#Pãodemia: o novo vício por assar pão em casa — Gama Revista

Comida e bebida

#pãodemia

©Gettyimages

Em meio ao isolamento causado pelo coronavírus, farinha e fermento viraram a tábua de salvação (e de ostentação)

Manuela Stelzer 27 de Maio de 2020

Nunca se viveu tamanha curiosidade por fermento e farinha. Seja por escapismo, necessidade de confraternização, busca por aprendizado ou apenas para reduzir ao máximo as saídas de casa – deixando de lado o hábito comezinho de ir à padaria –, o Brasil (e talvez o mundo) pegou uma nova febre: assar pão.
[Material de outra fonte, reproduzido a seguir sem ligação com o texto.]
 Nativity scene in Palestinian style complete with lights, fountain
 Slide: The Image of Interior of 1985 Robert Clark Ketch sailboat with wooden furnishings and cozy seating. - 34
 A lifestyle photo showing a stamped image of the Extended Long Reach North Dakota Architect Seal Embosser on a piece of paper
A mania alcançou até quem não era chegado à cozinha. “Em tempos de redução de compras e supérfluos, e de cuidado com a saúde física e mental, valorizam-se os processos artesanais. E o pão caseiro se transforma numa alternativa nutricional, mas também de passatempo”, diz Luiz Américo Camargo, consultor gastronômico e autor dos livros “Pão Nosso” (Ed. Panelinha/Senac, 2013) e “Direto ao Pão” (idem, 2019).
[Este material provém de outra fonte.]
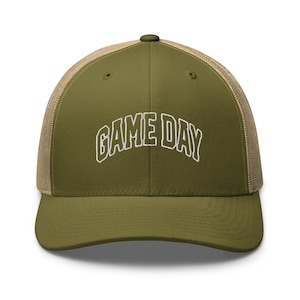 May include: A green and tan trucker hat with a white embroidered design that says "GAME DAY".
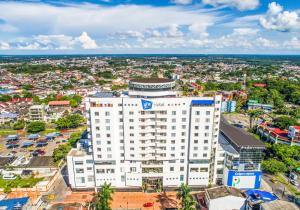 an overhead view of a white building in a city at GHL Hotel Grand Villavicencio in Villavicencio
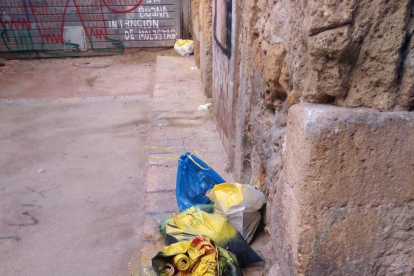 Una bolsa de basura dejada en el suelo pintada de amarillo.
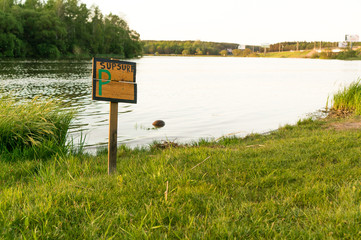 wood sign in grass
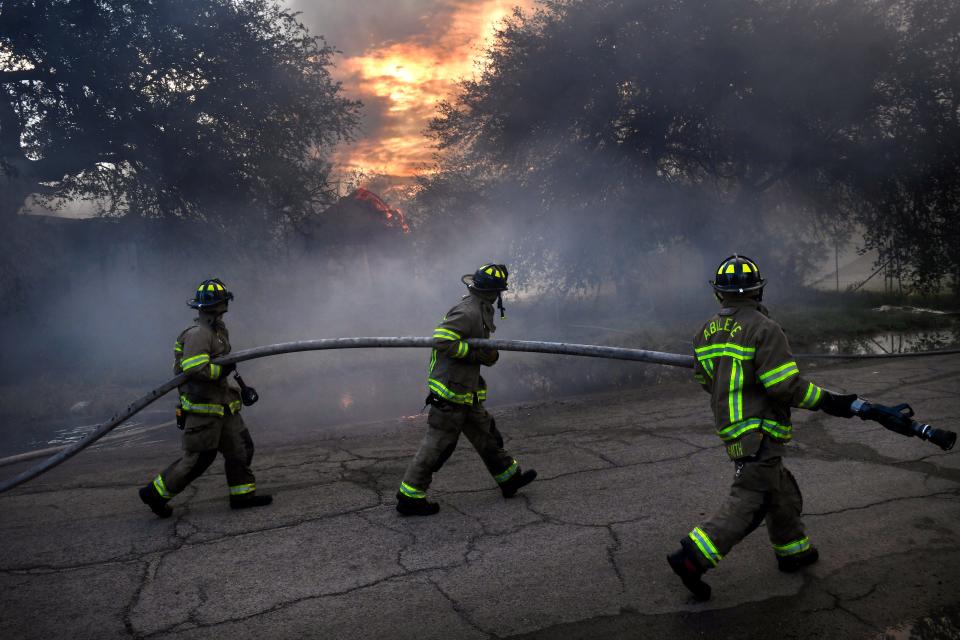 Abilene firefighters carry a hose down Cypress Street as they knock down a morning blaze at the abandoned St. Ann's Hospital on Tuesday.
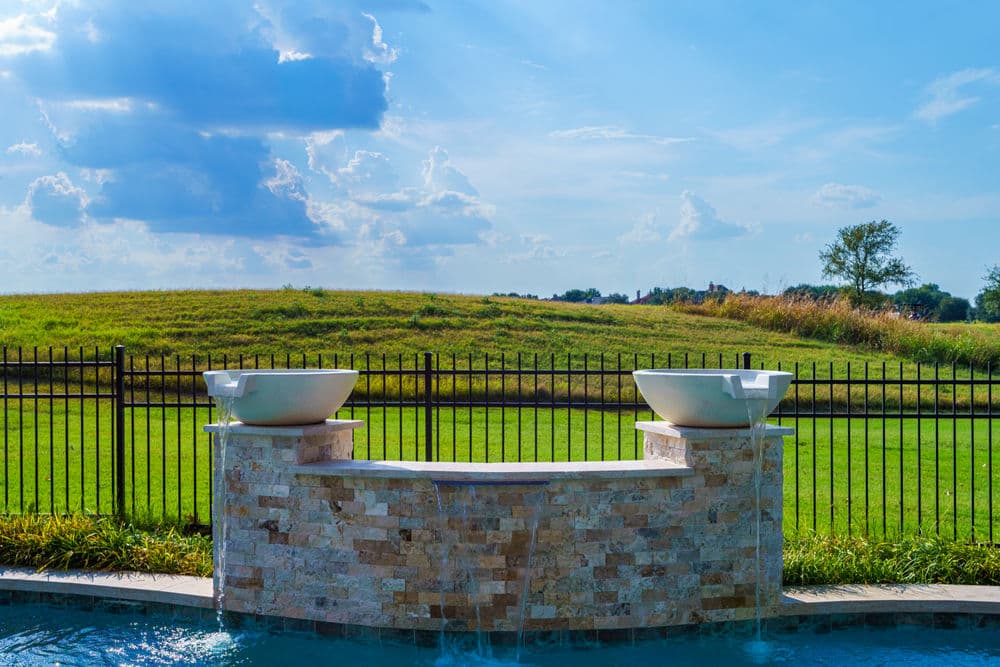 Modern outdoor fountain with two bowls overlooking a green landscape under a blue sky.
O Google Trends confirma a tese: perguntas relacionadas a como fazer pão mais que dobraram a partir de março até maio, em relação ao ano anterior. O Instagram corrobora com 4 mil postagens marcadas com a #Pãodemia. Durante o pico de buscas por informações sobre pão na internet, em meados de março, as tentativas nem sempre foram bem sucedidas. Hoje, mais de dois meses depois, estão aprimoradas e a rede social parece ter se tornado a padaria dos novos tempos, com imagens de crostas crocantes e enfarinhadas que contrastam com miolos elásticos cheios de alvéolos.
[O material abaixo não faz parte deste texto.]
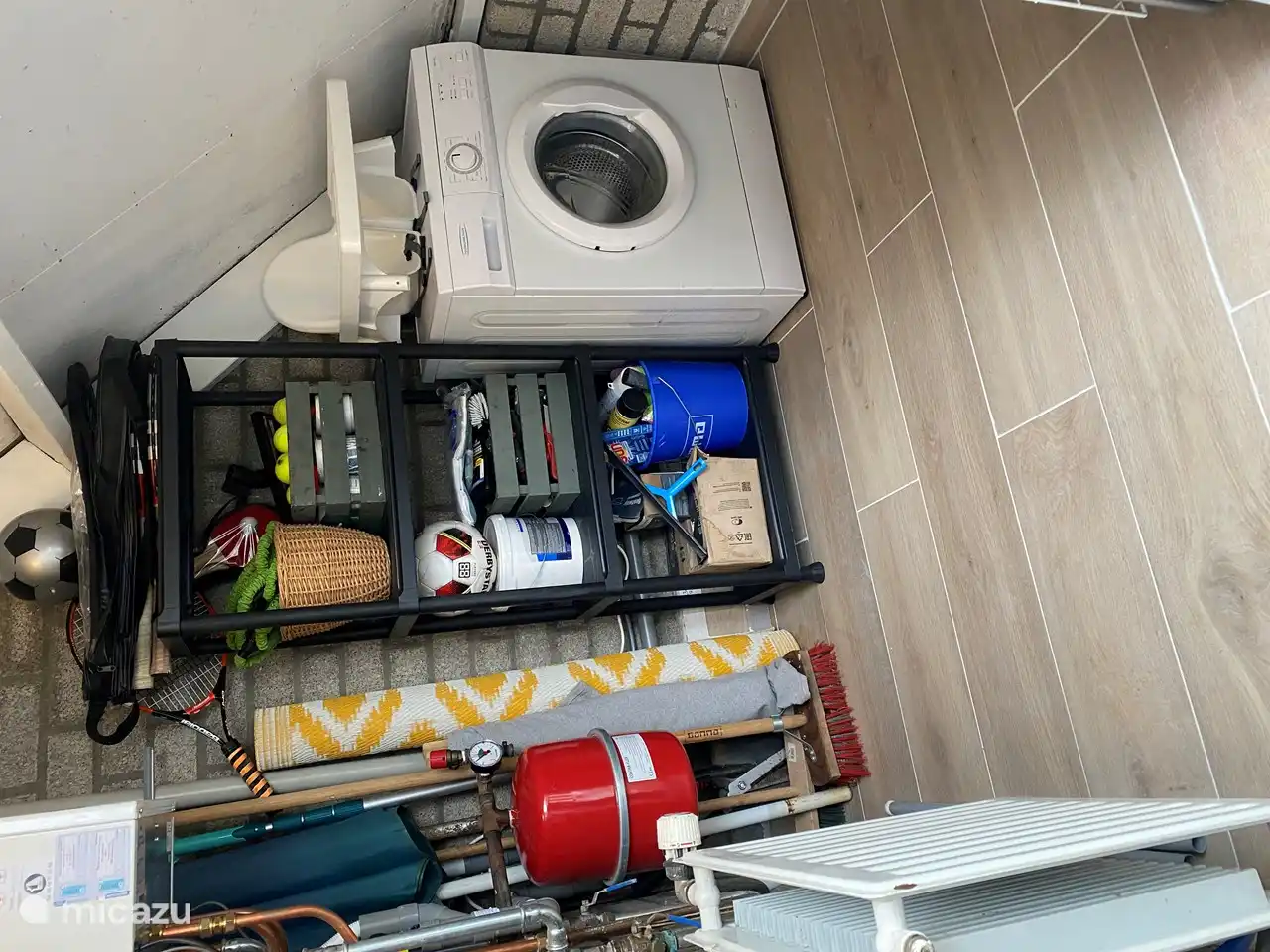 Abstellraum, Zugang über die Vorderseite des Hauses. Waschmaschine vorhanden. Sowie Tennisschläger, Tennisbälle, Hochstuhl, Staubsauger, Hängematte und der Sonnenschirm.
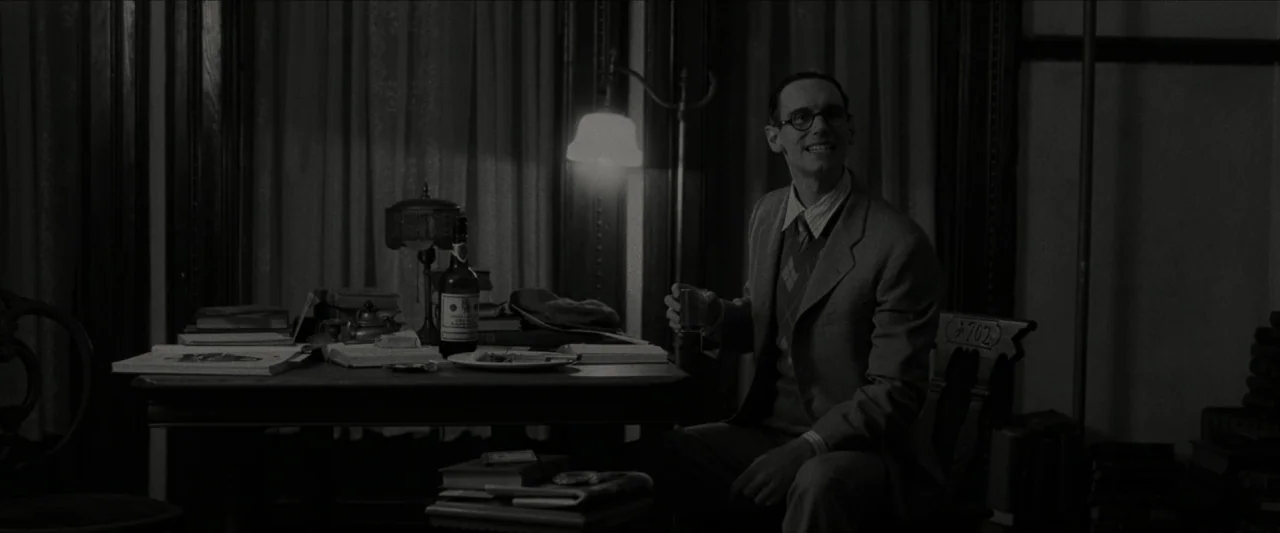 Wonderstruck (2017) movie still: medium — A dimly lit room features a desk with a bottle and scattered papers. A man in a suit sits on a wooden…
Agora que receitas de pão caseiro se multiplicam, assim como posts de quem se aventurou na cozinha de casa, quem ainda não aderiu à “pãodemia” fica na dúvida de como começar. Abaixo, dicas e receitas que podem servir de atalho e até contatos preciosos de onde pedir um belo filão para o dia em que o fermento não cooperar.

Por que todo mundo está fazendo pão?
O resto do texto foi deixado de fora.